I Resent My Sister
So, growing up with my sister I made many sacrifices and took care of her , our parents were physically and emotionally unavailable , so I took it upon myself to protect her and that was no easy task ; given she had major behavioral problems and ADHD . As we developed into adults I never was able to stop being more like a parent . I continued to take care of her , even financially . I was always there for her no matter what . The stress of having poor parents , a sister who took advantage of me and dating a man who treated me badly made me so depressed . The depression changed me and instead a sister who helped me when I needed help , I got a sister who turned on me and starred horrible rumors about me . I’m so sad about it . I just want to move on . But I’m so sad . Please help me move on.
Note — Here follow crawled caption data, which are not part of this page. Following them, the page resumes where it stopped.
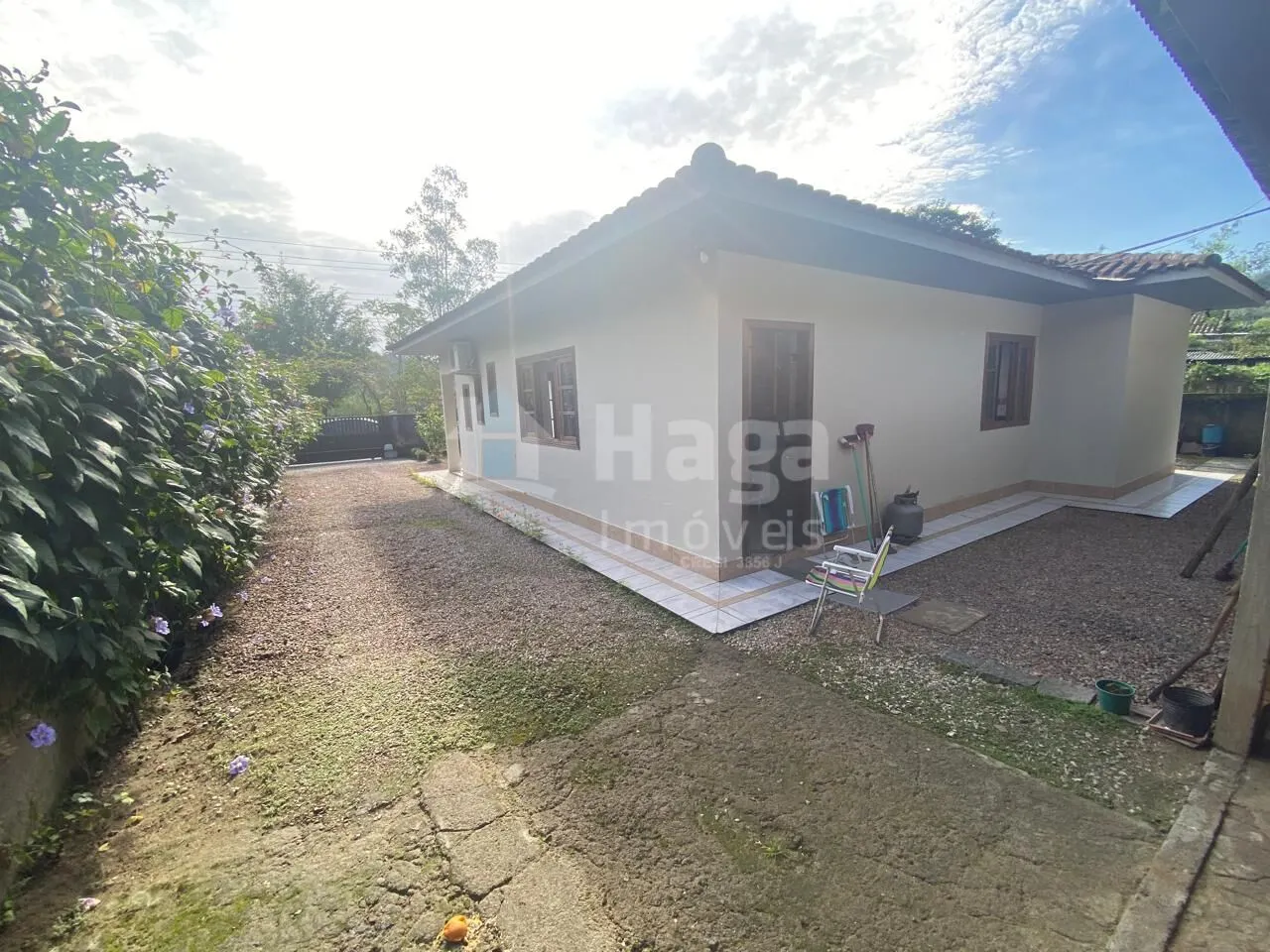 Casa à venda de 427 m² em Nova Trento, SC, Brasil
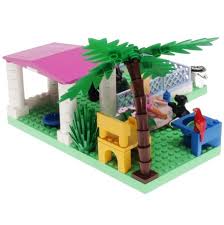 Pin On Lego Belville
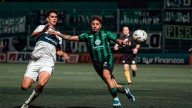San Martín (SJ) le ganó a Gimnasia un partido clave y sueña con la permanencia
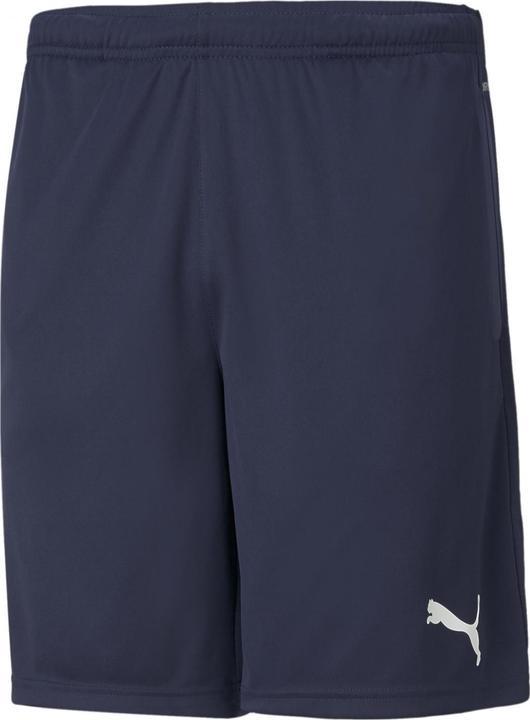 Immagine prodotto Puma Pantaloncini da allenamento teamRISE-657336 (M)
A: I am so sorry you had so many challenges growing up. Your instinct to want to move on is a good one. But it sounds like it is time for a change at many levels. I would strongly encourage you to begin individual therapy or group therapy to develop a support network that will help you make this transition. It sounds like it is time for you to devote your financial, emotional and psychological resources to your own development. In order to do this, creating a support network will be helpful. Group therapy is often a very good way to do this. The find help tab at the top of the page will give you names of therapists in your area.
Change doesn’t happen overnight, however, so see this as a time for transitioning into a new way of being. I would work with your therapist to develop both short- and long-range goals that help you get more of what you want and leave behind those things and people that have not worked well for you.